→ Exercise objective
Return only that part of the material below which starts with the line containing "60s Lace Detail Bateau Mock Neckline Dress" and goes on through the line containing "Wool & Angora", restated exactly.

→ Information

◆ ◆ ◆ ◆ ◆

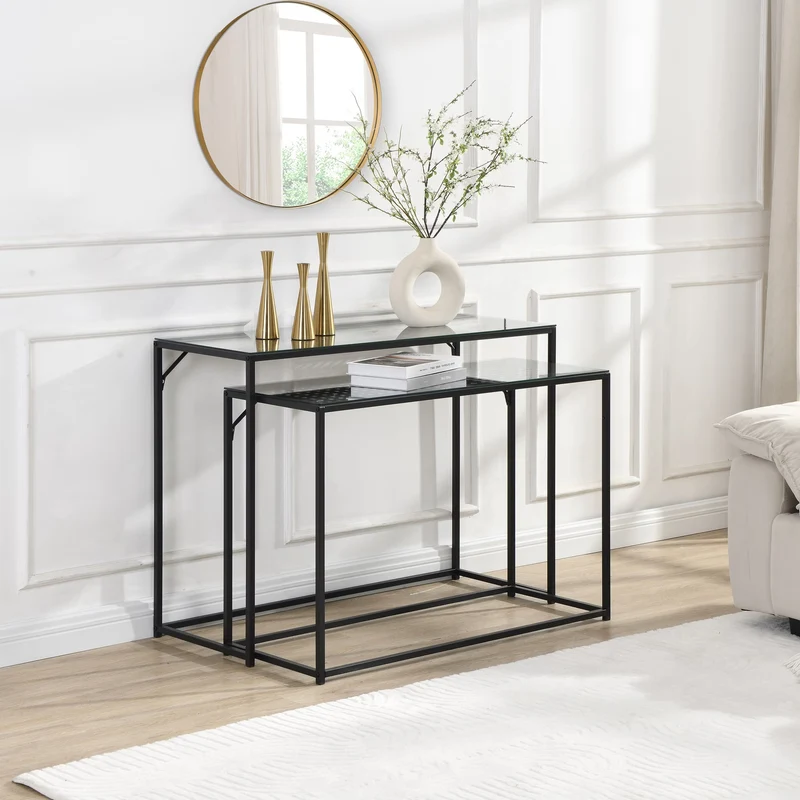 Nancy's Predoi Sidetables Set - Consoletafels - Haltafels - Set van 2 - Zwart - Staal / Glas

◆ ◆ ◆ ◆ ◆

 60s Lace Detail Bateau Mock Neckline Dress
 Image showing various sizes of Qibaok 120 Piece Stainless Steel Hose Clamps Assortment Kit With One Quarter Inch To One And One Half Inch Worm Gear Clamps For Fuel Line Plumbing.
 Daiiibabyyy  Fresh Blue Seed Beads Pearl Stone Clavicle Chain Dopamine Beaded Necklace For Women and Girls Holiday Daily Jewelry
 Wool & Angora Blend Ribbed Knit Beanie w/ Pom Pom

◆ ◆ ◆ ◆ ◆

→ Reply
 60s Lace Detail Bateau Mock Neckline Dress
 Image showing various sizes of Qibaok 120 Piece Stainless Steel Hose Clamps Assortment Kit With One Quarter Inch To One And One Half Inch Worm Gear Clamps For Fuel Line Plumbing.
 Daiiibabyyy  Fresh Blue Seed Beads Pearl Stone Clavicle Chain Dopamine Beaded Necklace For Women and Girls Holiday Daily Jewelry
 Wool & Angora Blend Ribbed Knit Beanie w/ Pom Pom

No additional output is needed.